I agree with you, it is not the cleanest solution after all. Maybe is there a solution to unify the two frameworks?

Yes, I didn't get this from that main tutorial https://gym.openai.com/docs (looks like only one agent acting) but I didn't look at Robotschool..

As I said before it's pretty new and I think that is worth to have a look at it. Maybe there is something interesting that can help in order to understand how to bridge the gap between the two frameworks in this sense.

Ok, don't know Gym well.. is there a tutorial for that? The issue link didn't clear it up for me.

Unfortunately, there isn't something official. In the last comment of the issue you can see that an environment defines different modes. In the current release, this is the proposed solution:

Resolution is: don't call render("human") is training. That's all you need.

So when you set the mode to "human", the environment should return an observation that a human can easily interpret. By default, batch of observations can be returned. Obviously, the programmer should configure the environment to support that two modes. For instance, I've seen what they do in the Mujoco environment.

ethancaballero commented 7 years ago

Also didn't see in Gym Hogwild and Batch support, but I guess can be added.

Here's an example of Hogwild with OpenAI Gym: https://github.com/ikostrikov/pytorch-a3c

We wanted to have a very clear consistent message passing object with fixed fields (the observation/action dict). I guess we could do that in Gym by dumping everything in observation, but it doesn't really have those fields?

OpenAI Universe has protocols for syncing text fields with environment frames/data: https://github.com/openai/universe/blob/02cbf092c1f0ba84547f93a7b4eb57e3a183c868/doc/protocols.rst#envtext

ethancaballero commented 7 years ago

With regards to openai gym/universe, I think ParlAI would first be most useful as means for gathering/organizing/serving (via ParlAI’s tools such as Mturk) transcripts of only humans communicating to acheive goals in a gym environment (with some non-linguistic components) whose frames/states are recorded in sync with humans’ communications & actions. The synced human transcripts & gym recordings would then be then be used to train the Neuralese<—>English semantic belief translators (English interoperabilities) of ML agents that invent their own language while communicating with only themselves to achieve goals (in a different instance of the same gym environment that the humans were recorded in) as outlined in @jacobandreas's “Translating Neuralese” https://arxiv.org/abs/1704.06960

jaseweston commented 7 years ago

Ah, ok, thanks much for the links! Yes, I definitely see in the future that somehow dialog has to be grounded more ;) ParlAI definitely does not solve ALL problems (yet!), but it does try to gather dialog resources in one place, and put the emphasis on dialog first. However, integration with other things at some stage looks very interesting indeed..

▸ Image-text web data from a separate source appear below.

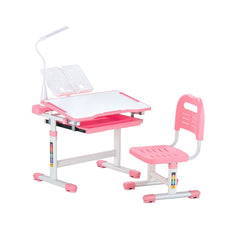 VEVOR Kids Study Chair and Desk Set, Study Desk and Chair for Kids with Table Lamp, Adjustable Height & 0-40° Tilted
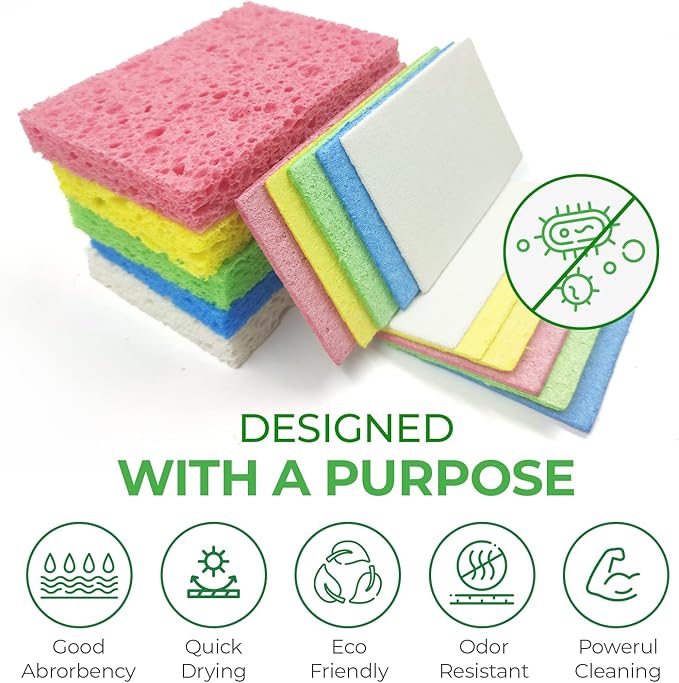 Compressed Cellulose Sponges - 32 Pack Natural Pop Up Dish Sponge for Kitchen - Compostable Plant-Based Cleaning Sponges Bulk – Non Scratch Natural Sponge for Dishes & Household Cleaning
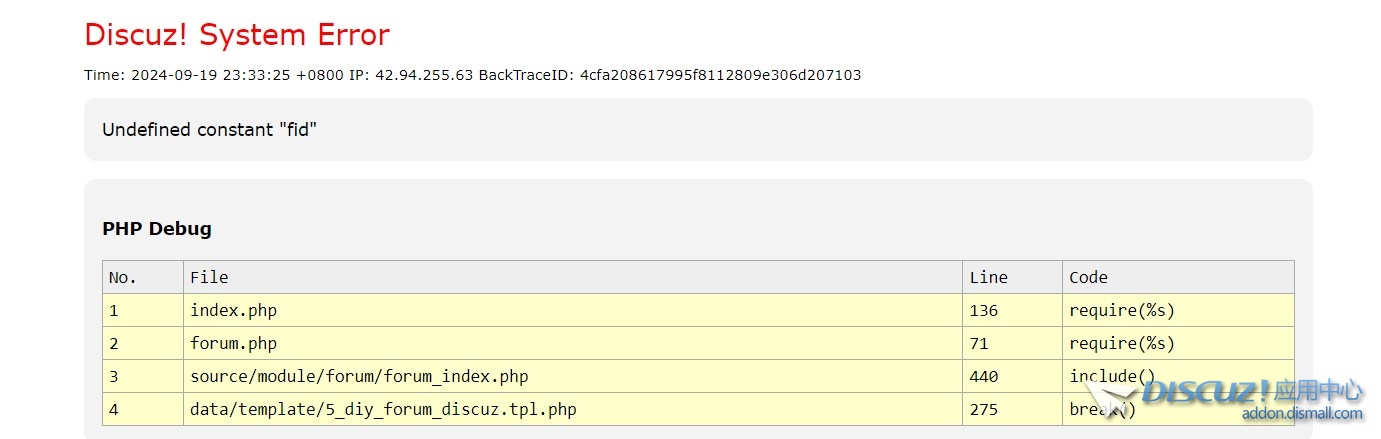 求助大佬 使用模板后报错 Undefined constant "fid"该如何解决
New
 discuz,php,72934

On Thu, May 25, 2017 at 5:00 AM, Ethan Caballero notifications@github.com wrote:

With regards to openai gym/universe, I think ParlAI could be most useful as means for gathering/organizing/serving (via ParlAI’s tools such as Mturk) transcripts of only humans communicating to acheive goals in a gym environment (with some non-linguistic components) whose frames/states are recorded in sync with humans’ communications & actions. The human transcripts and gym recordings would then be then be used to train the Neuralese<—>English semantic belief translators of ML agents that invent their own language while communicating with only themselves to achieve goals (in a different instance of the same gym environment that the humans were recorded in) as outlined in @jacobandreas https://github.com/jacobandreas's “Translating Neuralese” https://arxiv.org/abs/1704.06960

— You are receiving this because you were mentioned. Reply to this email directly, view it on GitHub https://github.com/facebookresearch/ParlAI/issues/95#issuecomment-303960146, or mute the thread https://github.com/notifications/unsubscribe-auth/AKjk-PK8r8EN29sHqgU8IybjbJ8692AGks5r9UMngaJpZM4Nhnzo .

jaseweston commented 7 years ago

closing for now, but we can definitely come back to this.